Provided records

*-*-*

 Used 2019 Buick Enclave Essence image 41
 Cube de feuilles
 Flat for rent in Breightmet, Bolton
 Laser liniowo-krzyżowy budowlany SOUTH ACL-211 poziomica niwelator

*-*-*

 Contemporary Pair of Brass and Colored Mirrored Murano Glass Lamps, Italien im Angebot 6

*-*-*

What is required
Beginning at the line with "Flat for rent in Breightmet, Bolton" and ending at the line with "Laser liniowo-krzyżowy budowlany", reproduce each line of the data above exactly, and add no other lines.

Solution to the exercise
 Flat for rent in Breightmet, Bolton
 Laser liniowo-krzyżowy budowlany SOUTH ACL-211 poziomica niwelator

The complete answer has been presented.